[Supplied records — start]
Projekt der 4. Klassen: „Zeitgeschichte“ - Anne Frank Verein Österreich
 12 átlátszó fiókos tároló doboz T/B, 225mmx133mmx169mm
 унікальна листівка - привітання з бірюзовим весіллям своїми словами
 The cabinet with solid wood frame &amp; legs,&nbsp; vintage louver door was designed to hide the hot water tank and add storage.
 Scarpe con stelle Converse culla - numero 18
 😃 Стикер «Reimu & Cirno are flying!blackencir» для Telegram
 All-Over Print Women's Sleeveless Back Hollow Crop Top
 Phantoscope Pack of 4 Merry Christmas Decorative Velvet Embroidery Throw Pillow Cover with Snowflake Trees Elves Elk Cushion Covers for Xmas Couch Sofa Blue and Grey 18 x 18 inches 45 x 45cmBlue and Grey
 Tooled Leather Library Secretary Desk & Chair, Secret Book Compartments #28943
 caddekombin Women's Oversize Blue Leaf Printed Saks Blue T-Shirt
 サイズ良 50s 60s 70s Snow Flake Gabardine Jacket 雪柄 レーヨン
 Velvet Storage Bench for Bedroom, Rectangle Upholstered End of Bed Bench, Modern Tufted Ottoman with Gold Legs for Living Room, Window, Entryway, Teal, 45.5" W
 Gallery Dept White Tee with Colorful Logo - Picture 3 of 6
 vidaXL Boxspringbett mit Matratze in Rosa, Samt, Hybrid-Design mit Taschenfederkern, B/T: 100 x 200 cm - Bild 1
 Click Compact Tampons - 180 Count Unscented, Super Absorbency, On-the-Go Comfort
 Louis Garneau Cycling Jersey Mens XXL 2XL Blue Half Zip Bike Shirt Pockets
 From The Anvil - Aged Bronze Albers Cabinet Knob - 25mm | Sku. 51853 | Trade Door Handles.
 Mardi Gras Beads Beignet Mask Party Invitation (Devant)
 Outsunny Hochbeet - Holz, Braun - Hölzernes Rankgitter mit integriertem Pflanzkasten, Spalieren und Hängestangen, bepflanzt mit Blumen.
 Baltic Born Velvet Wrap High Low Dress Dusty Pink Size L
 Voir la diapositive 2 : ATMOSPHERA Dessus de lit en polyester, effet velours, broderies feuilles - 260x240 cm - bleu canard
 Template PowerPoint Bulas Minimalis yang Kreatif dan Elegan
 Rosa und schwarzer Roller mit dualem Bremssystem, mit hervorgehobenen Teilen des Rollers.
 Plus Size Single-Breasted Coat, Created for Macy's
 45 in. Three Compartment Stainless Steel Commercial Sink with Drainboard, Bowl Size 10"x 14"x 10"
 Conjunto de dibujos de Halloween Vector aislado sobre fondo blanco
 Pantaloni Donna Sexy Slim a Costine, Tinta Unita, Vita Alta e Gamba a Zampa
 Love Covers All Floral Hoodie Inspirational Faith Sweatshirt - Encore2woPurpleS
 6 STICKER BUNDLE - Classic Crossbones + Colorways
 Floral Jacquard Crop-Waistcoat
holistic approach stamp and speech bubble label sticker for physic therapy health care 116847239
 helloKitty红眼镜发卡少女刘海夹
[Supplied records — finish]
Go to the line with "From The Anvil" and set down that line and every line after it, through the end of the material above, word for word.

Output of the task
 From The Anvil - Aged Bronze Albers Cabinet Knob - 25mm | Sku. 51853 | Trade Door Handles.
 Mardi Gras Beads Beignet Mask Party Invitation (Devant)
 Outsunny Hochbeet - Holz, Braun - Hölzernes Rankgitter mit integriertem Pflanzkasten, Spalieren und Hängestangen, bepflanzt mit Blumen.
 Baltic Born Velvet Wrap High Low Dress Dusty Pink Size L
 Voir la diapositive 2 : ATMOSPHERA Dessus de lit en polyester, effet velours, broderies feuilles - 260x240 cm - bleu canard
 Template PowerPoint Bulas Minimalis yang Kreatif dan Elegan
 Rosa und schwarzer Roller mit dualem Bremssystem, mit hervorgehobenen Teilen des Rollers.
 Plus Size Single-Breasted Coat, Created for Macy's
 45 in. Three Compartment Stainless Steel Commercial Sink with Drainboard, Bowl Size 10"x 14"x 10"
 Conjunto de dibujos de Halloween Vector aislado sobre fondo blanco
 Pantaloni Donna Sexy Slim a Costine, Tinta Unita, Vita Alta e Gamba a Zampa
 Love Covers All Floral Hoodie Inspirational Faith Sweatshirt - Encore2woPurpleS
 6 STICKER BUNDLE - Classic Crossbones + Colorways
 Floral Jacquard Crop-Waistcoat
holistic approach stamp and speech bubble label sticker for physic therapy health care 116847239
 helloKitty红眼镜发卡少女刘海夹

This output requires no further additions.